2.2. Fatty Acids Determination

The total fatty acids were extracted from feeds and tissue based on the method of [8], modified by [9], using chloroform: methanol 2 : 1 (v/v) containing butylated hydroxytoluene to prevent oxidation during sample preparation. The experimental diets or tissues were homogenized in 40 mL chloroform : methanol (2 : 1 v/v). The mixture containing the extracted fatty acids was filtered through No. 1 Whatman paper (Whatman International Ltd., Maidstone, UK) into a 250 mL separating funnel using a funnel. Ten (10) mL of normal saline solutions were added to facilitate phase separation. The mixture was then shaken vigorously for one minute and was left to stand for four hours. After complete separation at the end of the fourth hour, the upper phase was discarded and the lower phase was collected in a round bottom flask and evaporated via rotary evaporation (Laborota 4000-efficient, Heidolph, Germany) at 70°C.

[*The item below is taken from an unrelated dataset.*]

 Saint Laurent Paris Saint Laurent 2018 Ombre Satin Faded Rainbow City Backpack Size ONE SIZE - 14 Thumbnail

The total lipid extract was then immediately transferred into a capped methylation tube by rediluting it with 5 mL fresh chloroform : methanol (2 : 1, v/v). Transmethylation of the extracted fatty acids to their fatty acid methyl esters (FAME) was carried out using 14% methanolic boron trifluoride (BF3) (Sigma Chemical Co., St. Louis, MO, USA) according to methods in AOAC (1990). The internal standard, heneicosanoic acid (21 : 0) (Sigma Chemical Co., St. Louis, Mo, USA), was added to each sample prior to transmethylation to determine the individual fatty acid concentrations within the samples. The methyl esters were quantified by Gas Chromatography (GC) (Agilent 7890 N) using a 3 0 m × 0 . 2 5 m m ID (0.20 μm film thickness) Supelco SP-2330 capillary column (Supelco, Inc., Bellefonte, PA, USA). One microliter of fatty acid methyl ester (FAME) was injected by an autosampler into the chromatograph, equipped with a split/splitless injector and a flame ionization detector (FID). The injector temperature was programmed at 250°C, and the detector temperature was 300°C. The initial column temperature was set at 100°C for 2 min, and then increased at 10°C/min to 170°C where it was held for another 2 min. Finally, it was warmed to 220°C at 7.5°C/min to reach a final temperature of 250°C and held for 20 min to facilitate optimal separation. All results of fatty acid presented as the percentage of total fatty acids.

2.3. Data Analysis

Data were analysed as a completely randomized design experiment using the General Linear Model of SAS 9.02 software (Statistical Analysis Systems Institute Inc., 1992). The fatty acid profiles of the rat treatment diets and different tissue were analysed across treatment groups using the one-way analysis of variance (ANOVA) method. Significantly different means were then elucidated using the Duncan’s multiple range tests. All statistics were performed at 95% confidence.

3. Result

3.1. Fatty Acids Profile of Treatment Diets

The fatty acid profiles of treatment diets are summarized in Table 1. These diets contain both the n-6 (LA) and n-3 (ALA) essential fatty acids (EFA). Diet 30 : 1 was used to reflect the higher dietary fat intake of a western human diet, while maintaining the relative contributions of LA and ALA observed in the 1 : 1.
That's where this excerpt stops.